Due to the high heterogeneity of the studies included in the meta-analysis, a gender analysis of prevalence was performed (Figure 4). Only four studies provided sex-dependent data. Non-significant associations for men (OR 1.61; 95% CI (0.82–3.16); Q = 11.80; p = 0.0189) or women (OR 0.77; 95% CI (0.29–2.03); Q = 21.35; p = 0.0003) were observed. However, the heterogeneity still showed high value in all the sub-analyses that were performed (including the quality of the studies and without any transformation), due to the heterogeneity of the methodologies, the types of studies and other parameters that were not taken into consideration for the analysis of the prevalence of sarcopenia.

Figure 4.

Figure 4

Prevalence of sarcopenia according to the sex of the participants. MSP, men sleep poorly; MSW, men sleep well; SWP, women sleep poorly; and WSW, women sleep well.

4. Discussion

The main finding of this research is that those subjects having inadequate sleep show a higher prevalence of sarcopenia values than those who reported adequate sleep. In addition, our results revealed a high prevalence of sarcopenia in older adults.

The results showed that a higher prevalence of sarcopenia values from those who do not sleep adequately were almost twice the value of the grouped prevalence, according to the model and the transformation that were used in the analysis. In line with our findings, Chien et al. [36], observed a significant association between sleep duration and the prevalence of sarcopenia on a sample of 488 adults (224 men and 264 women) from Taiwan, even though the assessment of sarcopenia was performed by electrical bioimpedance (BIA). Moreover, in the only study carried out in Europe, focused on the German subjects [19], similar results to those described above were observed, with the addition of the association between the sleep length and the quantity of muscle mass and recommending longitudinal studies to better understand the potential association. Similarly, Hu et al. [38] observed a relationship between sleep hours and sarcopenia in a Chinese cohort (n = 920, 95 cases). However, in this case, a U-shaped association in the prevalence of sarcopenia was obtained, in which older adults with short or long sleep length obtained higher values compared to those with normal sleep duration.
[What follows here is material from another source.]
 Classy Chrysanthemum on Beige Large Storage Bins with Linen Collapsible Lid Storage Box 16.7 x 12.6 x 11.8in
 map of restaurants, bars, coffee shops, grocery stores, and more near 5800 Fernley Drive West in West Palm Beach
One plausible explanation to this findings is that the participants with an inefficient sleep may have differences in hormonal regulation (anabolic and catabolic balance), with elevated levels of cortisol (catabolic hormone promoting protein degradation), and low levels of IGF-1 (anabolic hormones promoting protein synthesis), developing a positive balance towards muscle degradation and, therefore, favoring the loss of muscle mass [19,40]. Likewise, Buchmann et al. [19] also observed elevated c-reactive protein (CRP) values. CRP is a pro-inflammatory cytokine and has been proposed as a possible cause of muscular atrophy [41] and also associated with sleep deprivation in high concentrations [42]. The sleep restriction generates hormonal imbalances and pro-inflammatory effects, favoring the loss of muscle mass with age. This could be one reason for the higher prevalence of sarcopenia values of sarcopenia in people with inadequate sleep. We must consider that the losses of muscle strength and muscle mass are associated and, therefore, related to a decrease in the functional capacity and quality of life [43]. Further studies to determine the effects of sleep deprivation in patients diagnosed with sarcopenia are necessary.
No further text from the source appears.